## [ASSIGNED TASK]
Beginning at the line that contains "Basically, this will", reproduce the entries below exactly, ending with the line that contains "Be sure to check". Omit each picture.

## [LISTED RECORDS]
☆ ☆ ☆ ☆

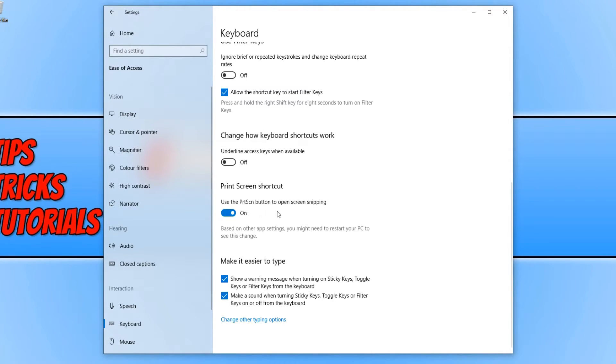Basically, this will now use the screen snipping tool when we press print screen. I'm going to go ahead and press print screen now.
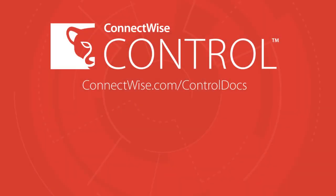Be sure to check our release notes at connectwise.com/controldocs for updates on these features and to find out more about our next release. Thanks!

☆ ☆ ☆ ☆

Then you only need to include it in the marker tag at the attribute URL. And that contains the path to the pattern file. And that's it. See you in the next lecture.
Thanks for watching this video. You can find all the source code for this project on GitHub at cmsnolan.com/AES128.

☆ ☆ ☆ ☆

## [EXERCISE OUTPUT]
Basically, this will now use the screen snipping tool when we press print screen. I'm going to go ahead and press print screen now.
Be sure to check our release notes at connectwise.com/controldocs for updates on these features and to find out more about our next release. Thanks!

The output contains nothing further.